ROZSYPNE, Ukraine (AP) -- Emergency workers, police officers and even off-duty coal miners spread out today across the sunflower fields and villages of eastern Ukraine, searching the wreckage of a jetliner shot down as it flew miles above the country's battlefield.
The attack Thursday afternoon killed 298 people from nearly a dozen nations -- including vacationers, students and a large contingent of scientists heading to an AIDS conference in Australia.
U.S. intelligence authorities said a surface-to-air missile brought down Malaysia Airlines Flight 17 as it flew from Amsterdam to Kuala Lumpur, but could not say who fired it. The Ukraine government in Kiev, the separatist pro-Russia rebels they are fighting and the Russia government that Ukraine accuses of supporting the rebels all deny shooting the passenger plane down. Moscow also denies backing the rebels.
Russian President Vladimir Putin called for a cease-fire today in eastern Ukraine and urged the two sides to hold peace talks as soon as possible. A day earlier, Putin had blamed Ukraine for the crash, saying the government in Kiev was responsible for the unrest in its Russian-speaking eastern regions. But he did not accuse Ukraine of shooting the plane down and did not address the key question of whether Russia gave the rebels such a powerful missile.
The Ukrainian Interior Ministry released a video purporting to show a truck carrying the Buk missile launcher it said was used to fire on the plane with one of its four missiles apparently missing. The ministry said the footage was filmed by a police surveillance squad at dawn today as the truck was heading to the city of Krasnodon toward the Russian border.
There was no way to independently verify the video.

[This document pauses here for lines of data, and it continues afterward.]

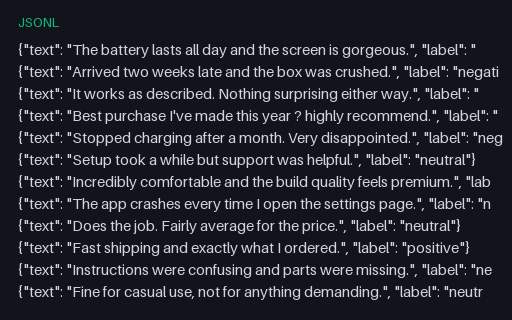 Preview of Sentiment Classification Dataset (JSONL)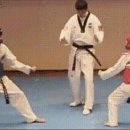 국가대표 한빛태권도 | 한국 전통의 태권도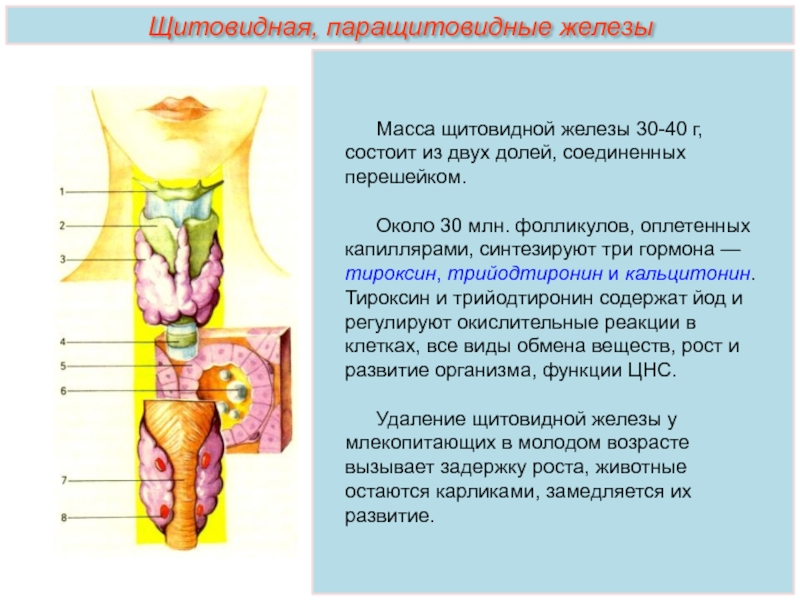 Щитовидная железа эндокринология презентация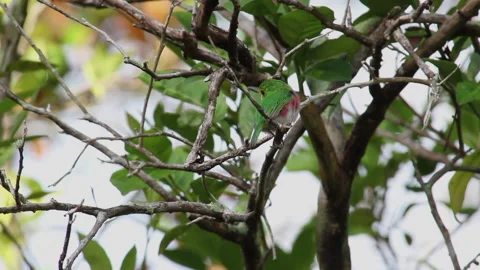 Tody Cuban Bird Stock Footage 130913636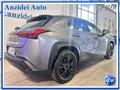 LEXUS UX Hybrid Business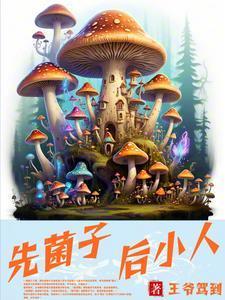 迦勒底负责人[综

Ukraine has called for an international probe to determine who attacked the plane and the Unites States has offered to help. But access to the sprawling crash site remained difficult and dangerous. The road from Donetsk, the largest city in the region, to the crash site was marked by five rebel checkpoints today, with document checks at each.

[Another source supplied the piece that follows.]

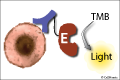 diagnostic bioconjugates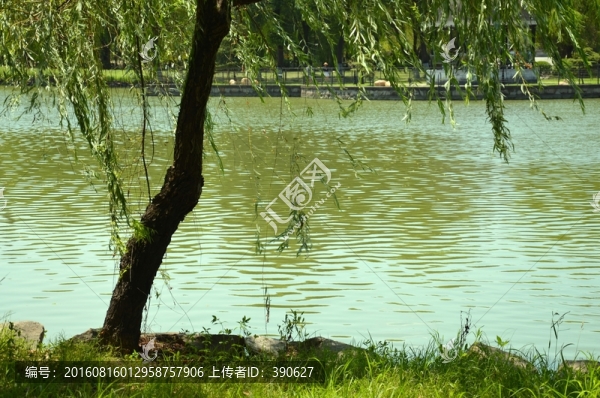 河邊垂柳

By midday, 181 bodies had been located, according to emergency workers in contact with officials in Kiev. Malaysia Airlines said the passengers included 189 Dutch, 29 Malaysians, 27 Australians, 12 Indonesians, nine Britons, four Germans, four Belgians, three Filipinos and one person each from Canada and New Zealand.

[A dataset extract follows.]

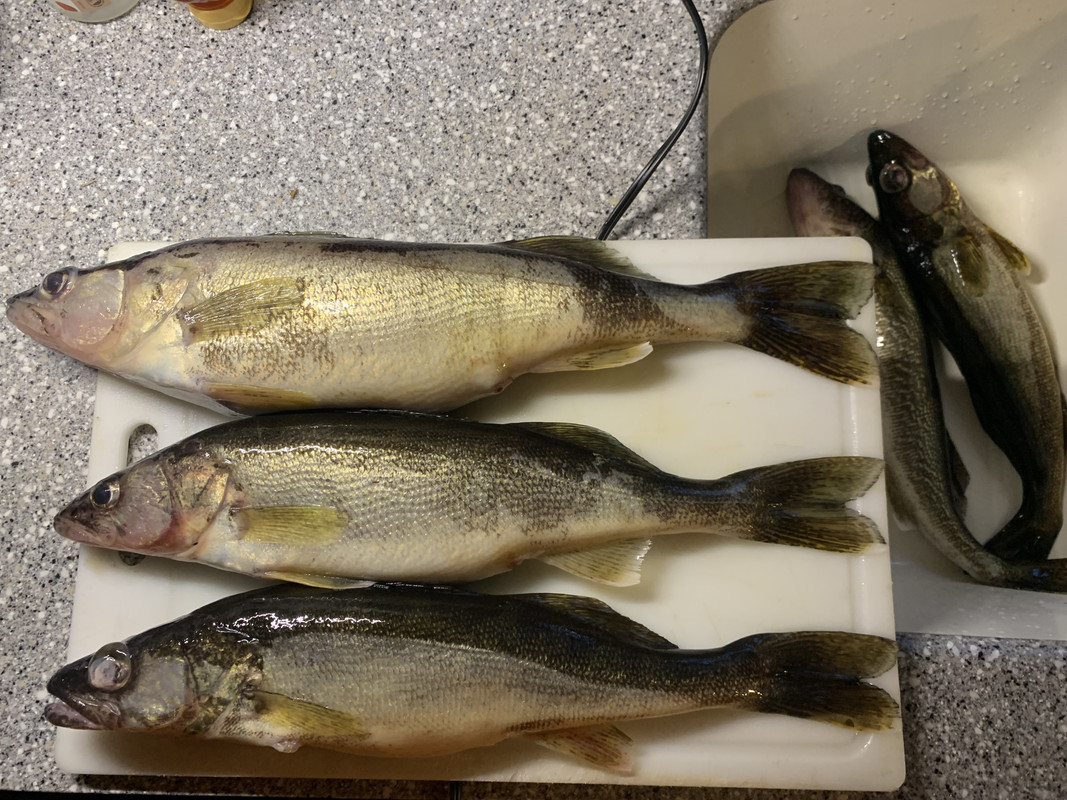 AA771130-0C69-4797-868E-003721CC8814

Still Nataliya Bystro, a spokeswoman for Ukraine's emergency services, said rebel militiamen were interfering with the recovery operation.
Separatist rebels who control the crash site issued conflicting reports today about whether they had found the plane's black boxes or not.
"No black boxes have been found ... we hope that experts will track them down and create a picture of what has happened," said Donetsk separatist leader Aleksandr Borodai.
Yet earlier today, an aide to the military leader of Borodai's group said authorities had recovered eight out of 12 recording devices.
Since planes usually have two black boxes -- one for recording flight data and the other for recording cockpit voices -- it was not clear what the number 12 referred to.
Borodai said 17 representatives from the Organization for Security and Cooperation and four Ukrainian experts had traveled into rebel-controlled areas to begin an investigation into the attack.
Ukraine's state aviation service closed the airspace today over two border regions gripped by separatist fighting -- Donetsk and Luhansk -- and Russian airlines suspended all flights over Ukraine.
An angry Australian Prime Minister Tony Abbott demanded an independent inquiry into the downing.
"The initial response of the Russian ambassador was to blame Ukraine for this and I have to say that is deeply, deeply unsatisfactory," he said. "It's very important that we don't allow Russia to prevent an absolutely comprehensive investigation so that we can find out exactly what happened here. This is not an accident, it's a crime."
The crash site was spread out over fields between two villages in eastern Ukraine -- Rozsypne and Hrabove -- and fighting apparently still continued nearby. In the distance, the thud of Grad missile launchers being fired could be heard this morning.
In the sunflower fields around Rozsypne, 40 kilometers (25 miles) from the Russian border, lines of men disappeared into the thick, tall growth that was over their heads. One fainted after finding a body. Another body was covered in a coat.
In Hrabove, several miles away, huge numbers of simple sticks, some made from tree branches, were affixed with red or white rags to mark spots where body parts were found.
Ukraine Foreign Ministry representative Andriy Sybiga said the bodies will be taken to Kharkiv, a government-controlled city 270 kilometers (170 miles) to the north, for identification.
Among the debris were watches and smashed mobile phones, charred boarding passes and passports. An "I (heart) Amsterdam" T-shirt and a guidebook to Bali hinted at holiday plans.
Large chunks of the Boeing 777 that bore the airline's red, white and blue markings lay strewn over one field. The cockpit and one turbine lay a kilometer (a half-mile) apart, and the tail landed 10 kilometers (six miles) away. One rebel militiaman in Rozsypne told The Associated Press that the plane's fuselage showed signs of being struck by a projectile.